Work order | The entries are to be given back verbatim; no picture is to be copied.
The input section start
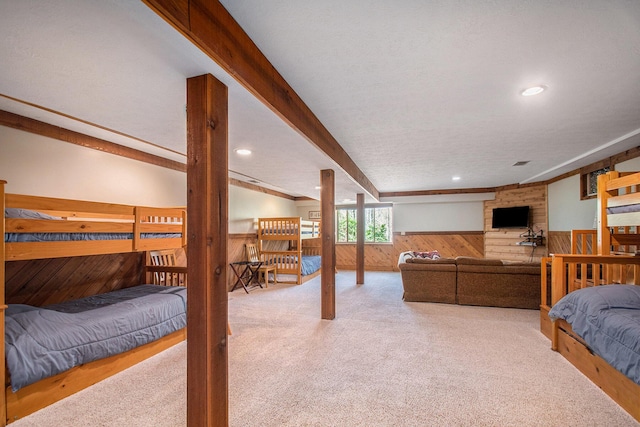 carpeted bedroom with recessed lighting, beam ceiling, a wainscoted wall, and wooden walls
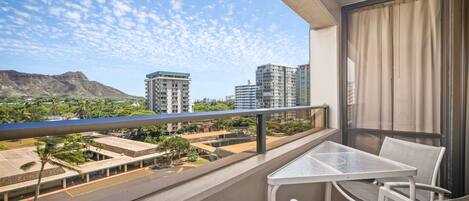 Un balcon avec une table et des chaises, donnant sur un parking et des immeubles.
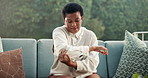 Black woman, massage and sofa on retirement with elbow pain, inflammation and symptoms of arthritis. Senior person, stretching and injury at house with muscle gout, rheumatic disease and osteoporosis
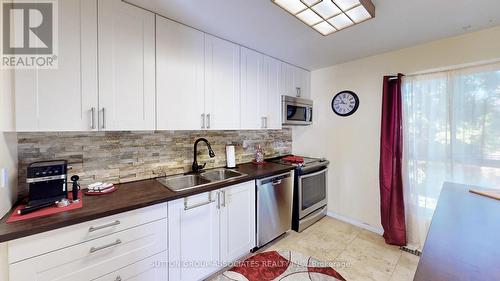 81 - 615 Rathburn Road E, Toronto, ON - Indoor Photo Showing Kitchen With Double Sink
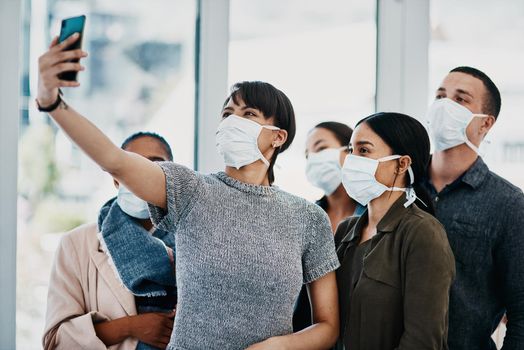 Dont let corona compromise your camaraderie. Shot of a group of young people wearing masks and taking selfies at the airport.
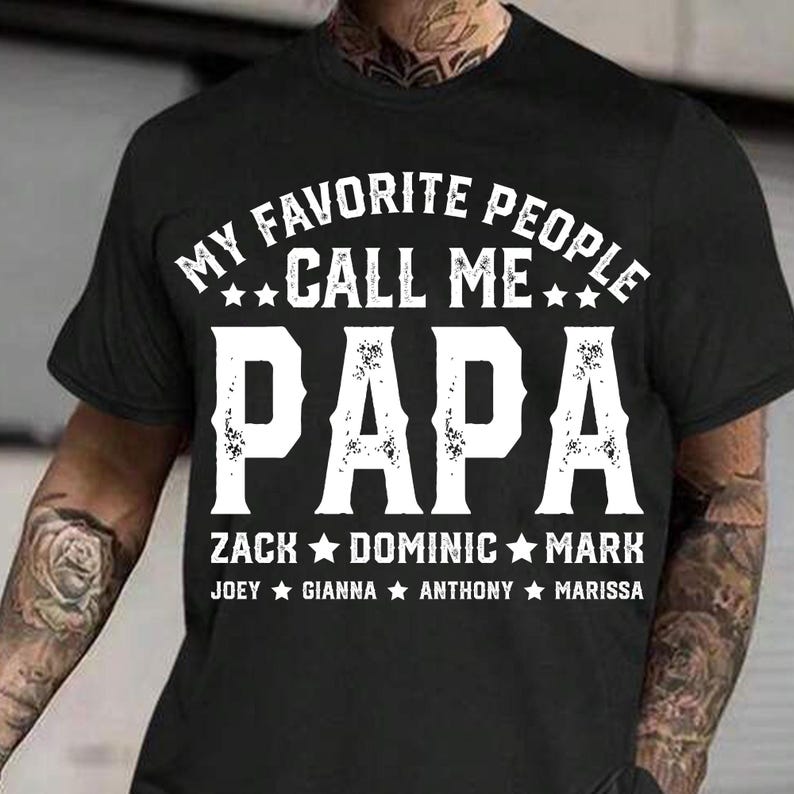 May include: Black t-shirt with white text that reads "My Favourite People Call Me Papa Zack Dominic Mark Joey Gianna Anthony Marissa".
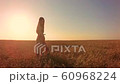 Young woman on wheat field at sunset 60968224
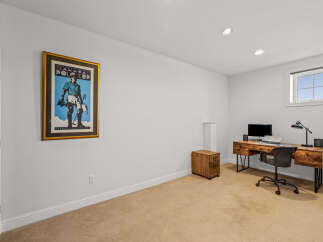 This spacious room features a dedicated workspace with a rustic wooden desk, a comfortable office chair, and a computer setup.
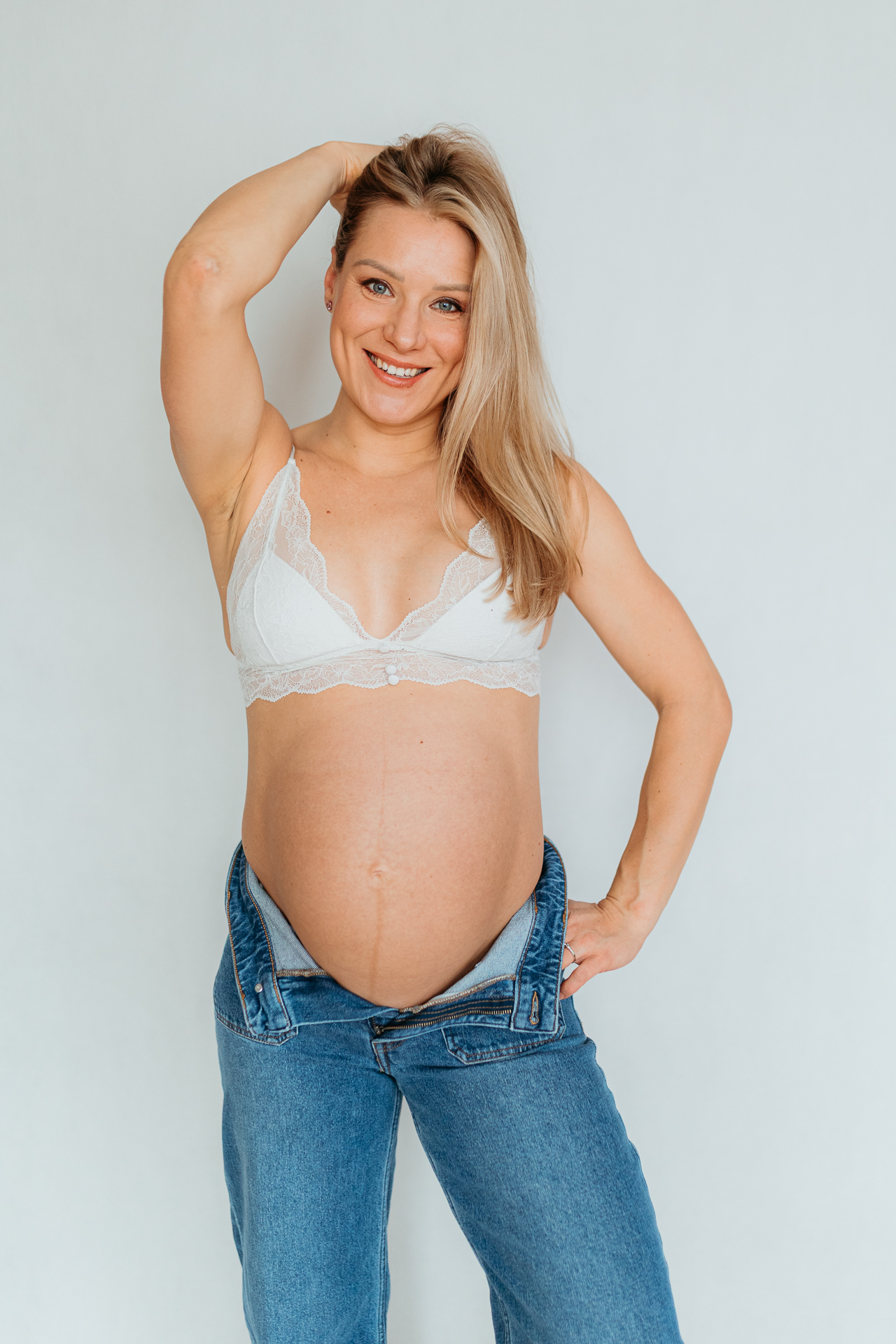 Uśmiechnięta kobieta w białym biustonoszu z odsłoniętym brzuszkiem pozuje do zdjęcia w Krakowie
The input section end
Solution |
 carpeted bedroom with recessed lighting, beam ceiling, a wainscoted wall, and wooden walls
 Un balcon avec une table et des chaises, donnant sur un parking et des immeubles.
 Black woman, massage and sofa on retirement with elbow pain, inflammation and symptoms of arthritis. Senior person, stretching and injury at house with muscle gout, rheumatic disease and osteoporosis
 81 - 615 Rathburn Road E, Toronto, ON - Indoor Photo Showing Kitchen With Double Sink
 Dont let corona compromise your camaraderie. Shot of a group of young people wearing masks and taking selfies at the airport.
 May include: Black t-shirt with white text that reads "My Favourite People Call Me Papa Zack Dominic Mark Joey Gianna Anthony Marissa".
 Young woman on wheat field at sunset 60968224
 This spacious room features a dedicated workspace with a rustic wooden desk, a comfortable office chair, and a computer setup.
 Uśmiechnięta kobieta w białym biustonoszu z odsłoniętym brzuszkiem pozuje do zdjęcia w Krakowie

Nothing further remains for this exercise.